Building a Production Web Crawler for SEO Analysis

Tutorial crawlers work on tutorial websites. Production crawlers need to survive the real web.

Every web scraping tutorial follows the same script: fetch a page, parse some HTML, extract a few links, done. It works beautifully on the instructor's example site. Then you point it at a real client website — one with JavaScript-rendered content, chained redirects, malformed sitemaps, and pages that take 45 seconds to respond — and everything falls apart.

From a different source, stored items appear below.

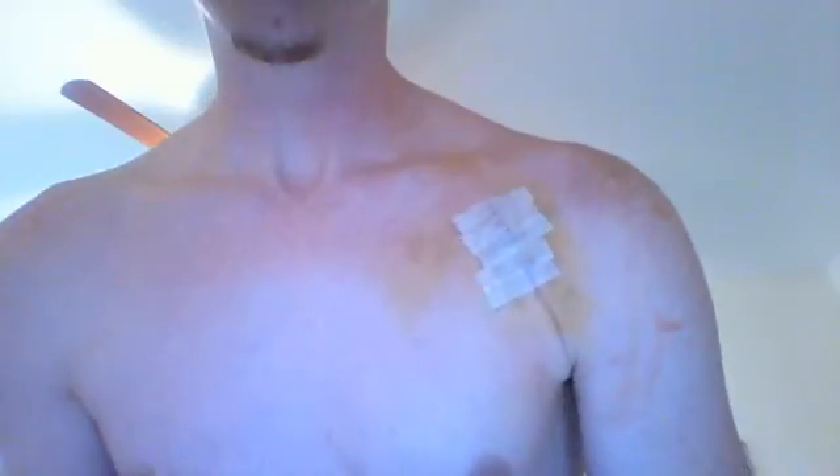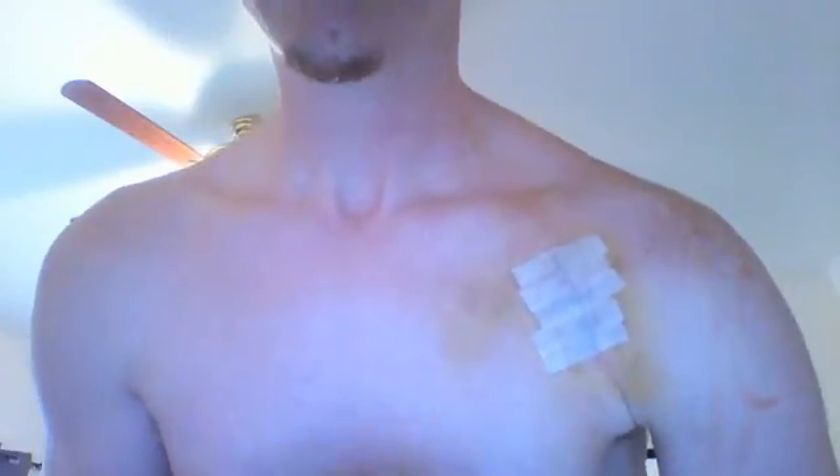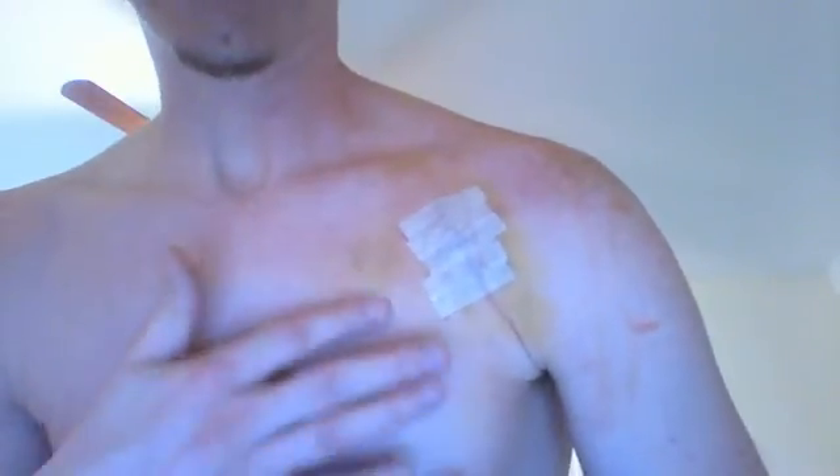I don't know if you can tell the color very well, but it's extremely yellow and bruised. Never even went through a black and blue bruising — it just went straight to yellow, which is really kind of bizarre.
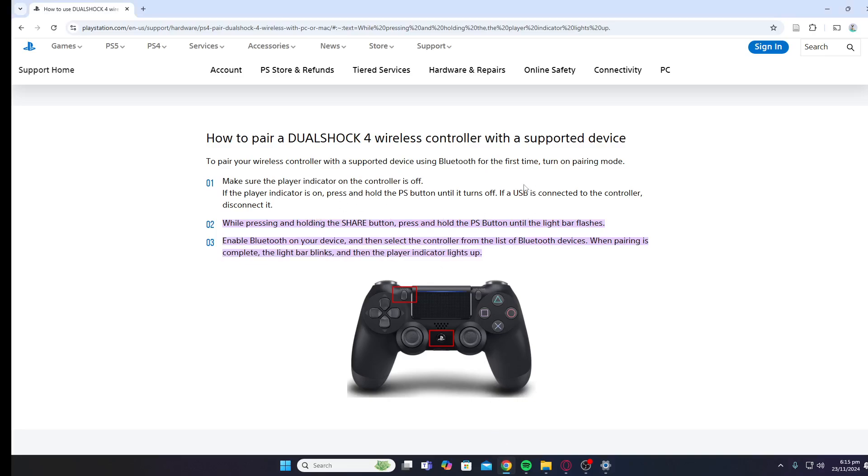When pairing is complete, the light bar blinks and then the player indicator lights up. This means your controller has been connected to your PC.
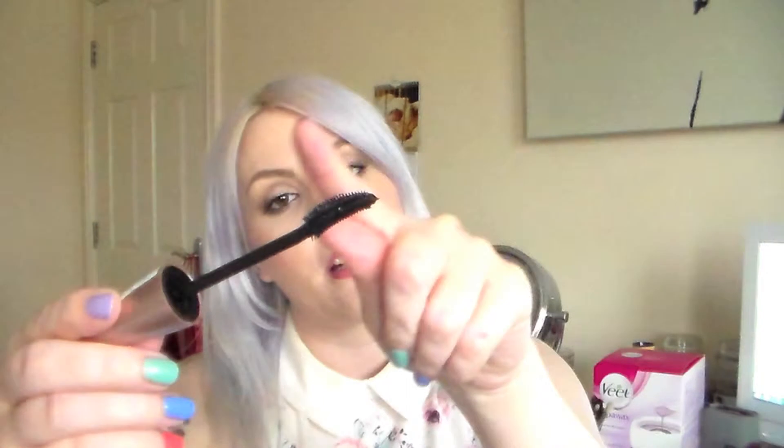So basically how this brush is supposed to work is these shorter bristles are supposed to capture the lashes right along the lash line — it'll get right in against your lash line and capture those really short hairs. And then as you work your way up the lash, you turn the brush around to the longer bristles and carry on applying to your longer lashes as well.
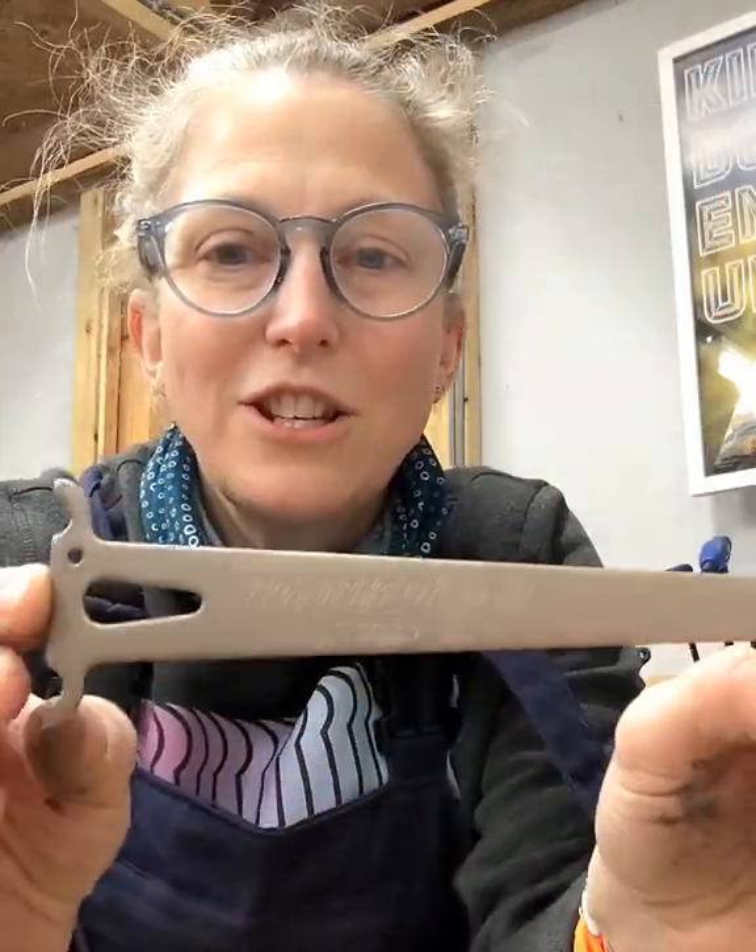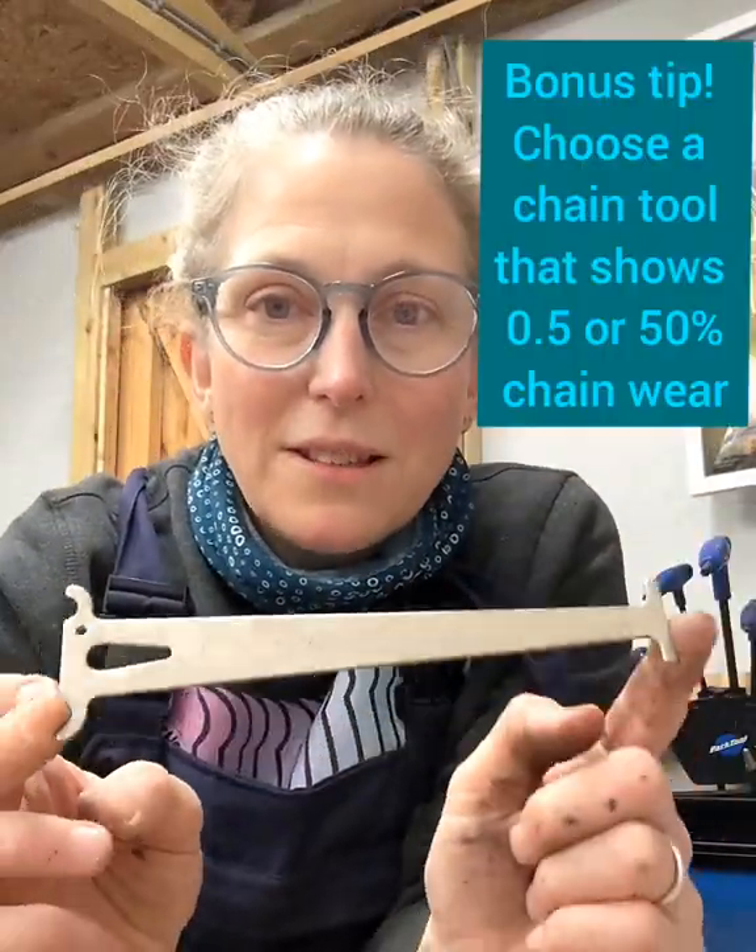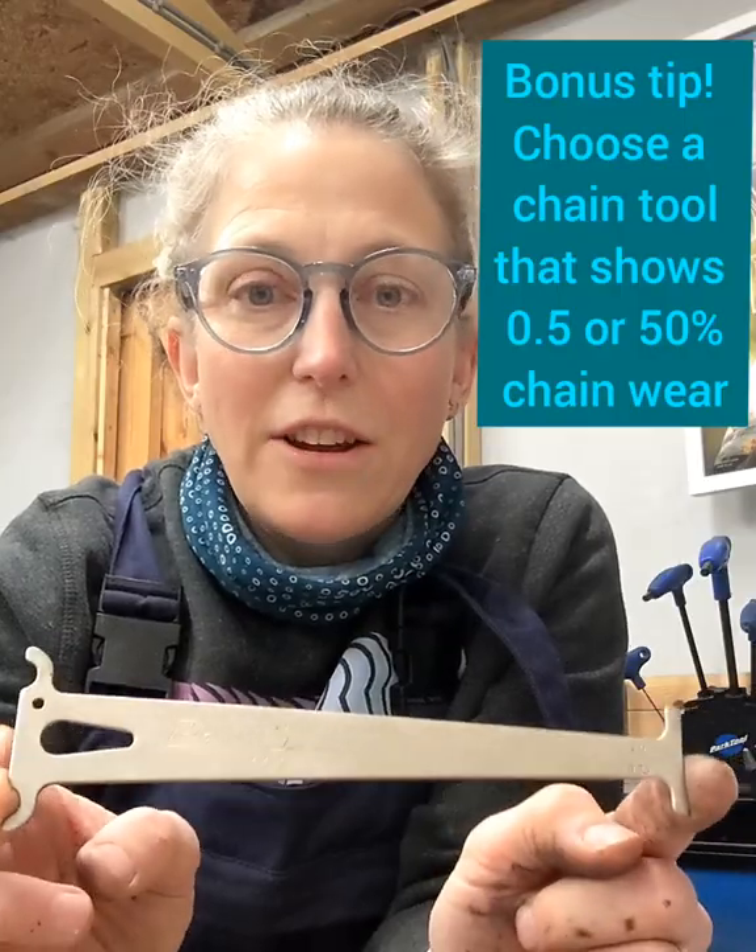Best tool in the business? Chain checker. Use this, check your chain, change your chain at 50% worn.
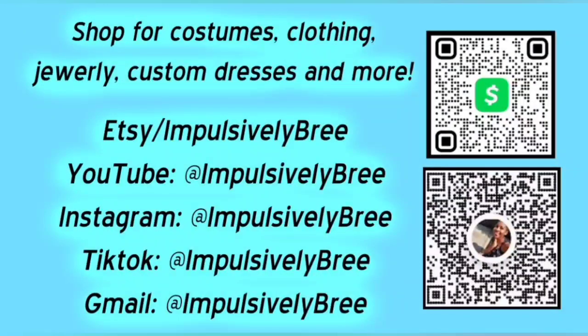Next video will either be me making a skirt or me showing you the rest of the dolls. But anyway, thank you so much for watching. I look forward to you guys checking out my later content. Please like, subscribe, and I'll see you later. Love you so much, bye-bye.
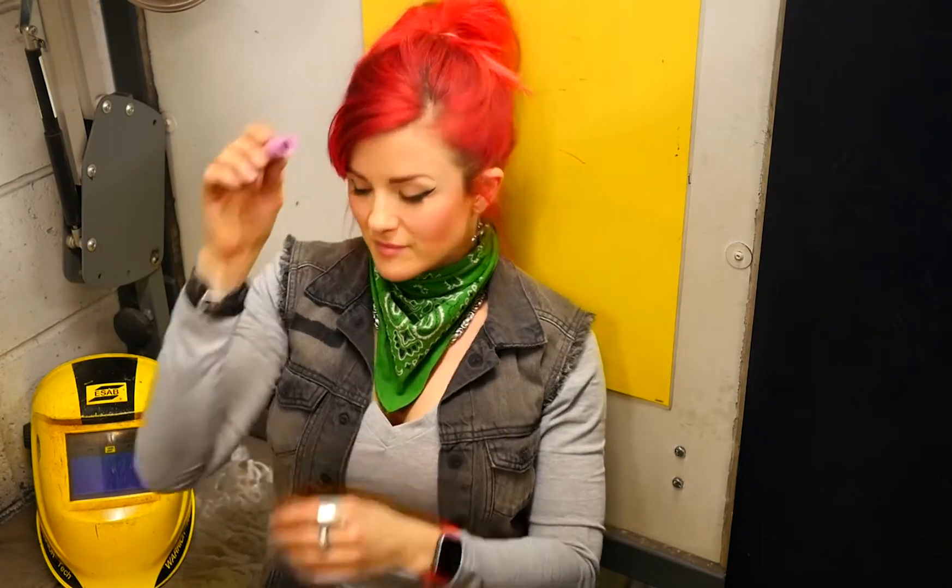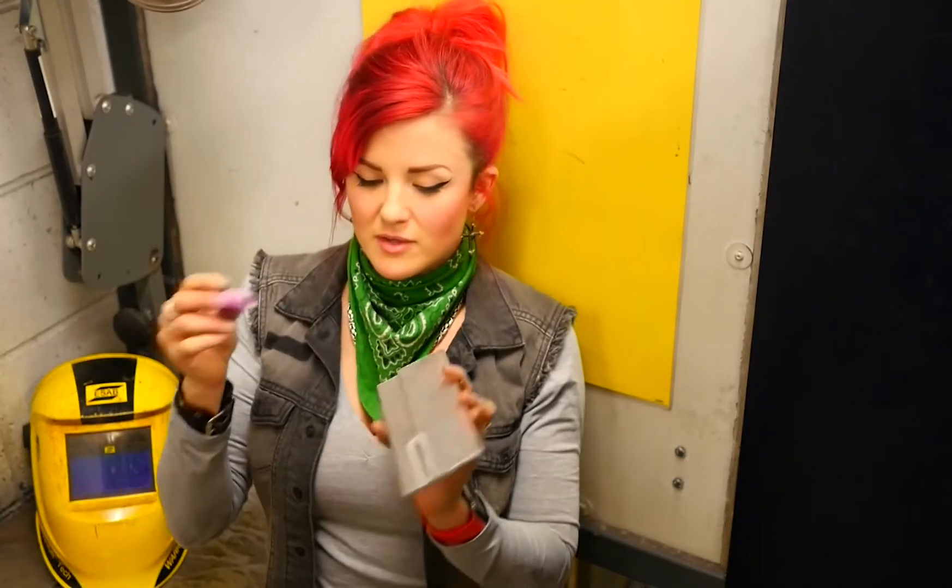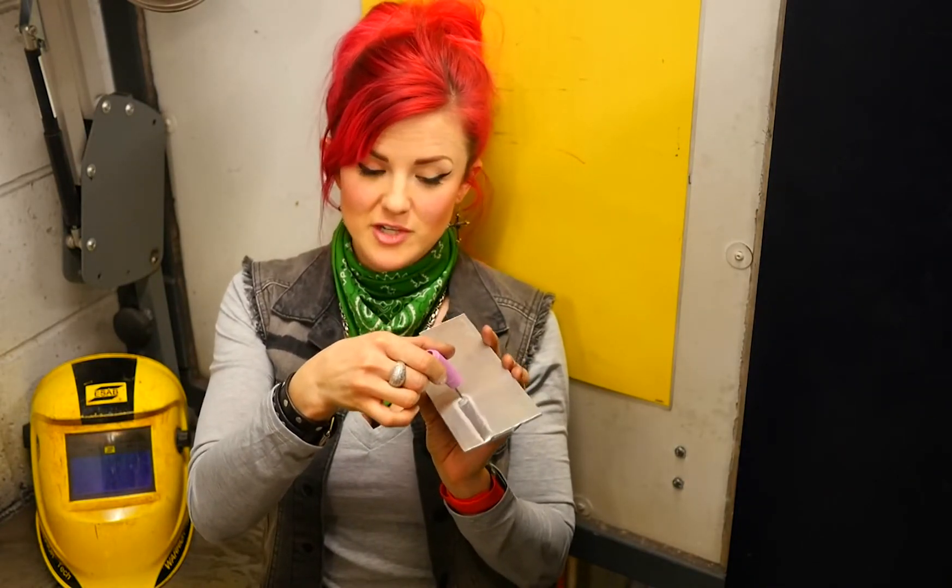The higher the number, the larger the ceramic. Now, you might want a larger one to cover the surface area where you're welding with a greater amount of gas — better gas coverage.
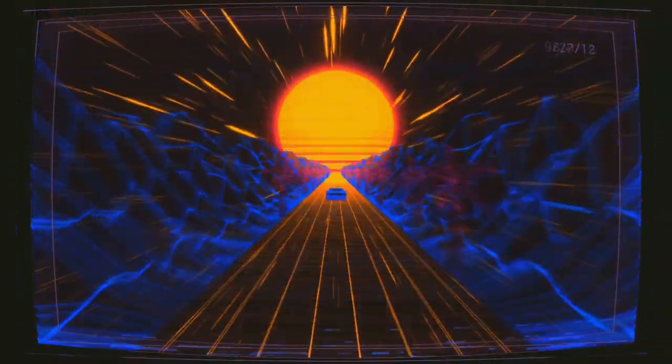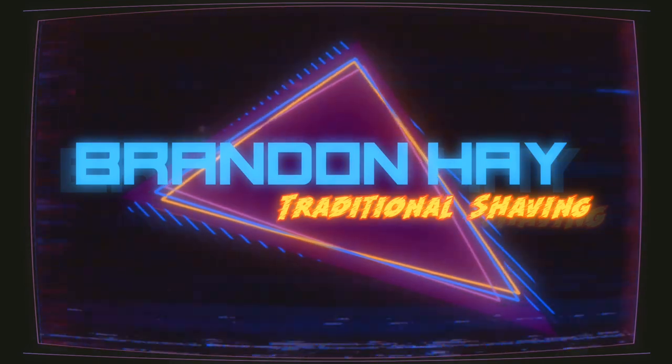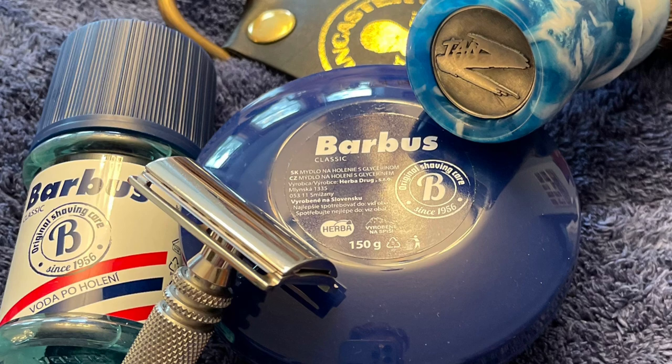Hi guys, we've got a new shave with another new product to me. Stick around, I'll be right back. Hi guys, welcome to another Shave and Scent of the Day. Today we are doing Barbas.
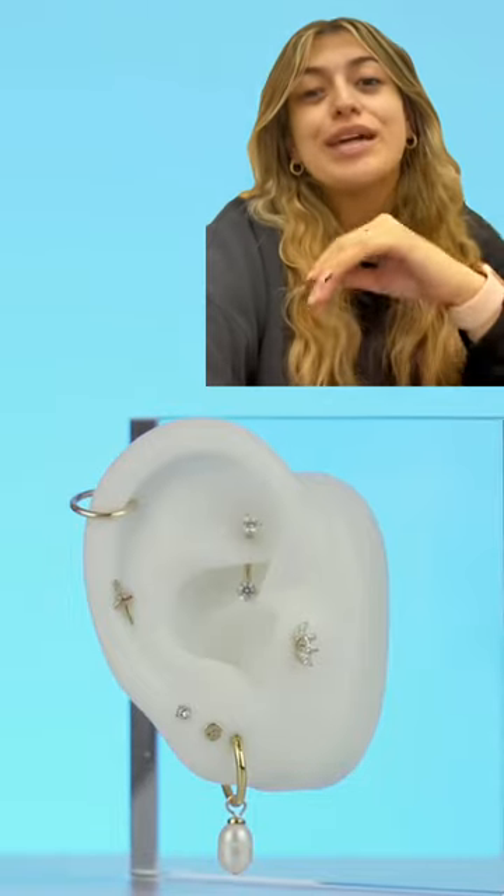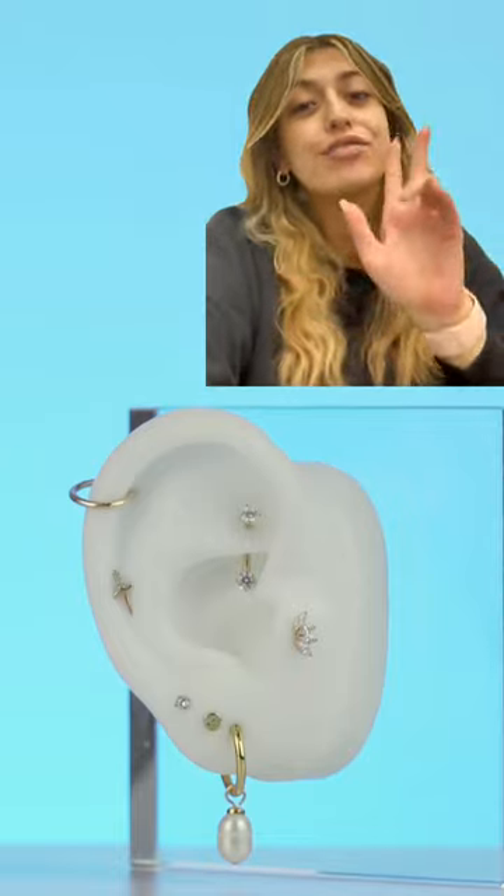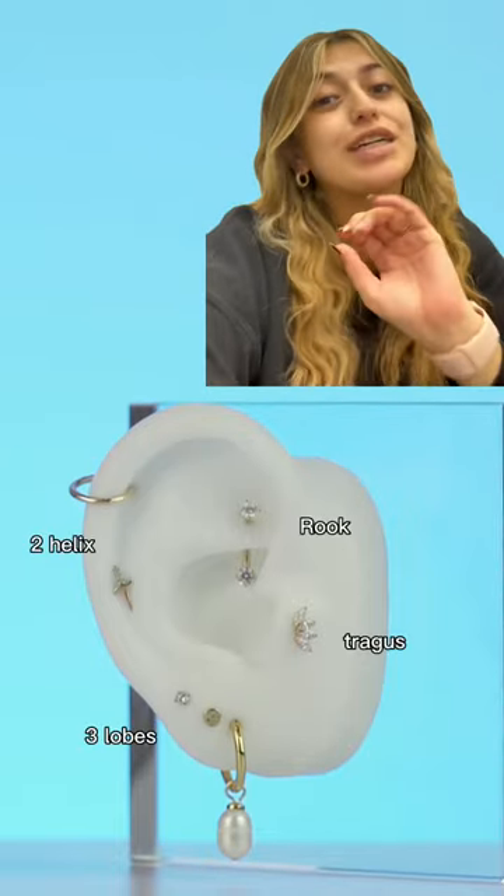Hi everyone, I'm going to show you guys my favorite ear combination. This is the look that I styled. I personally think everybody should have three lobes, two helixes, a rook, and a tragus to spice things up.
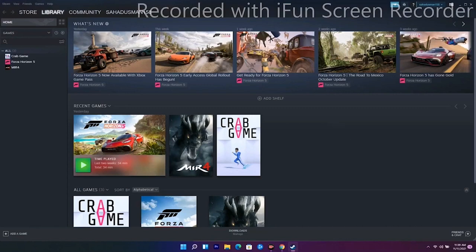Solution six is to close Logitech G Hub if it is running. As you can see, G Hub is here — just quit it and see whether the issue is solved or not.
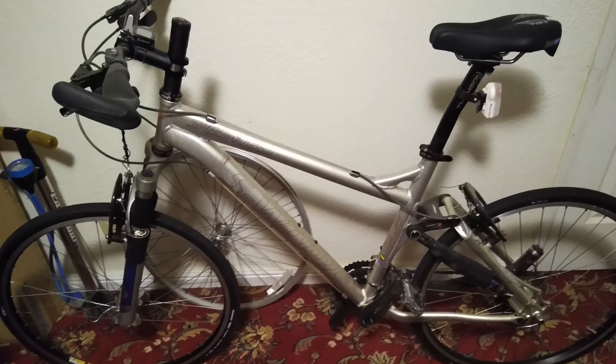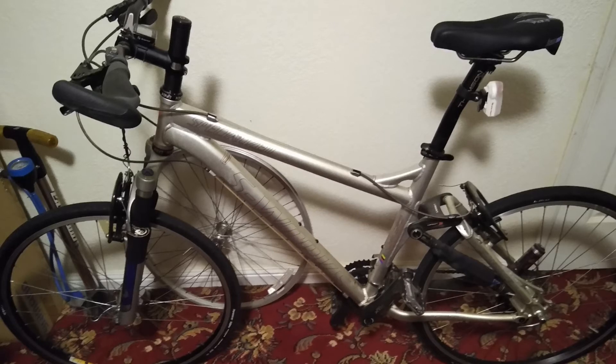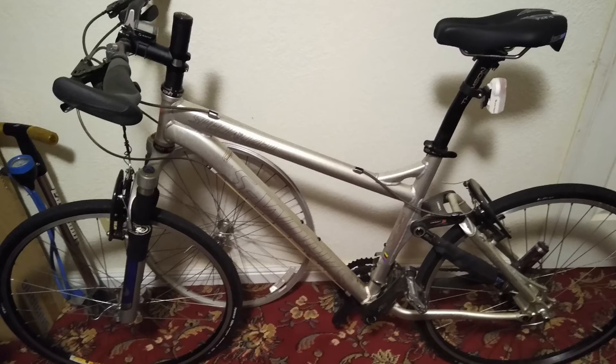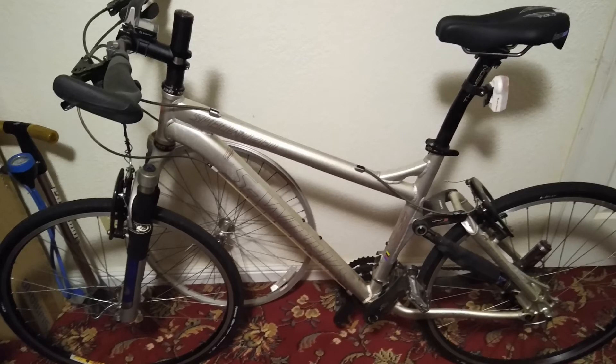Here are the results I got. For the front wheel, before applying the grease it spun about a minute and a half. After I applied the grease and rode the bike for about 30 minutes, I got almost five minutes of spin. For the rear hub, before it spun about a minute, and after applying the grease and riding for about 30 minutes, I got almost 22 minutes.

I'm Manuel Porras, an AI Automation Engineer based in Berlin. Over the past couple of years, I've built and maintained a self-hosted web crawler called A-Crawler that powers SEO analysis for 30+ client websites at a digital marketing agency. It processes sites with 10,000+ pages, feeds data into an AI-powered analysis pipeline, and generates client-ready reports. This is the story of what it took to make it actually work.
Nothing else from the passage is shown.